[DATA SEGMENT Boundary: Start]

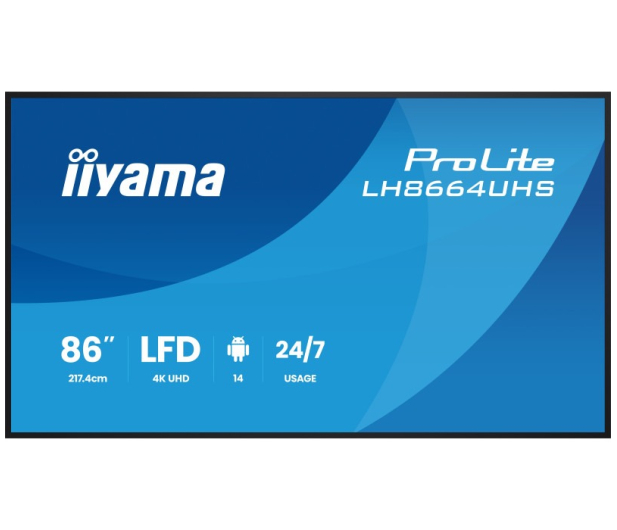 iiyama ProLite LH8664UHS-B3AG - 1538009 - zdjęcie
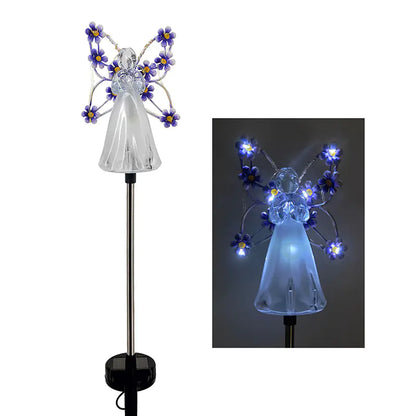 Solar Angel Garden Lights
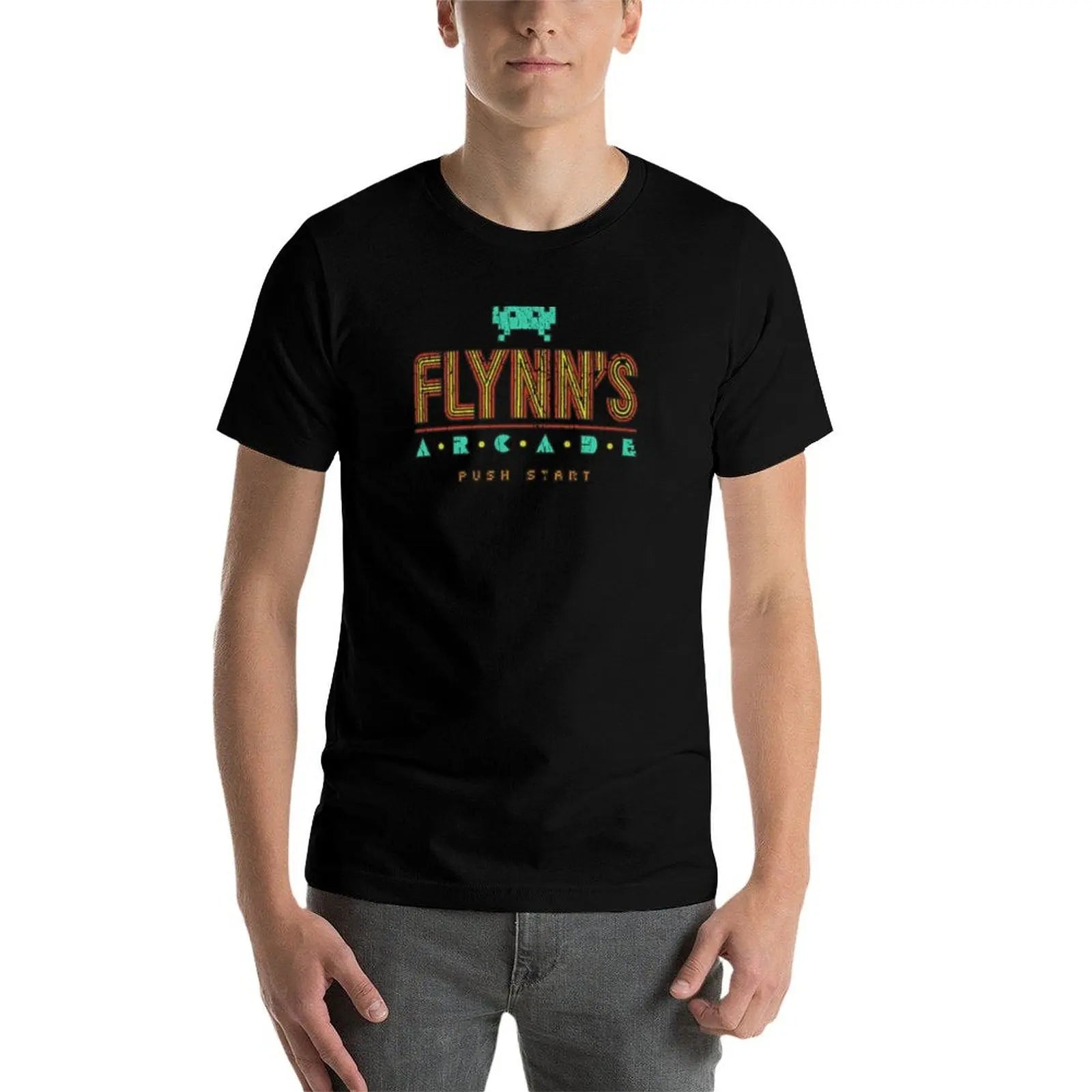 Camiseta Flynn's Arcade 1982 - TRON Retro Algodón Suave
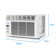 Commercial Cool 10000 BTU Window Air Conditioner with Remote Included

[DATA SEGMENT Boundary: End]

TASK:
Leaving the pictures aside, copy exactly and only the lines from the one holding "Camiseta Flynn's Arcade" through the final line of the data, both ends kept.

SOLUTION:
 Camiseta Flynn's Arcade 1982 - TRON Retro Algodón Suave
 Commercial Cool 10000 BTU Window Air Conditioner with Remote Included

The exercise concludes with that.